Approaching the brink of war with Iran in early 2020 has highlighted the risks of not pursuing a progressive U.S. policy approach to the Middle East. This event seeks to set forth a sustainable alternative U.S. foreign policy.
We will examine the animating principles and resulting policies of a more progressive approach for the Middle East. Progressive Middle East policy remains a contested concept among both policymakers and the American public: to some, it means an end to overly militarized policies and reducing U.S. commitments to avoid war; to others, it means greater U.S. investments in solving overseas conflicts, acting to prevent atrocities, and advancing human rights. Still others define it in terms of rethinking U.S. partnerships with authoritarian regimes.
Please join The Century Foundation on Wednesday, February 12 at 8:30 AM for a congressional briefing to debate and define progressive policy frameworks for the Middle East.
A light breakfast will be served at 8:30 AM followed by keynote remarks beginning at 9:00 AM and an expert panel.
- Senator Christopher Murphy (D-CT)
- Representative Ro Khanna (D-CA)
- Mark Zuckerman, president at The Century Foundation
- Michael Wahid Hanna, senior fellow at The Century Foundation
- Dina Esfandiary, fellow at The Century Foundation
- Sarah Margon, director of U.S. foreign policy at the Open Society Foundations
- Melissa Dalton, senior fellow at the Center for Strategic and International Studies
Senator Chris Murphy is the junior United States senator for Connecticut. Senator Murphy has been a strong voice in the Senate fighting for job creation, affordable health care, education, sensible gun laws, and a forward-looking foreign policy. Senator Murphy has laid out a forward-thinking foreign policy vision for the United States. As a member of the Foreign Relations Committee, he has been an outspoken proponent of diplomacy, international human rights, and the need for clear-eyed American leadership abroad.
Congressman Ro Khanna represents California’s 17th Congressional District, located in the heart of Silicon Valley, and is serving in his second term. Representative Khanna sits on the House Armed Services, Budget, and Oversight and Reform Committees and is first vice chair of the Congressional Progressive Caucus. He also serves as an assistant whip for the Democratic Caucus.
Mark Zuckerman is president of The Century Foundation. He served in the Obama White House as the deputy director of the Domestic Policy Council, leading teams on key initiatives, including reducing student debt, increasing accountability at for-profit educational institutions, reducing workplace discrimination, increasing wages for home health care workers, and expanding access to job training.

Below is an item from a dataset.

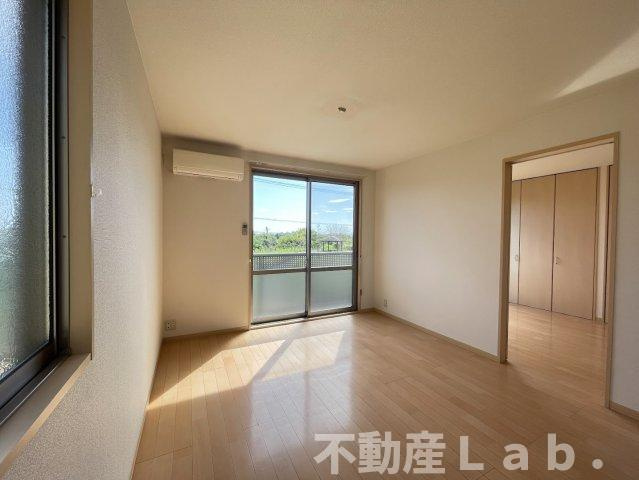 メゾンスリーゼⅢの居間・リビング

Prior to that, as staff director of the House Education and Labor Committee, he helped win passage of landmark legislation such as the Affordable Care Act; the Lilly Ledbetter Fair Pay Act; the Healthy, Hunger-Free Kids Act; and the Student Aid and Fiscal Responsibility Act.
Michael Wahid Hanna is a senior fellow at The Century Foundation. He is also a nonresident senior fellow at the Reiss Center on Law and Security at New York University School of Law. Hanna works on issues of international security, international law, and U.S. foreign policy in the Middle East and South Asia.
Dina Esfandiary is a fellow at The Century Foundation and international security program research fellow at Harvard’s Kennedy School. She is the co-author of Triple-Axis: Iran’s Relations with Russia and China (London: I. B. Tauris, 2018), and Living on the Edge: Iran and the Practice of Nuclear Hedging (Palgrave Macmillan, 2016).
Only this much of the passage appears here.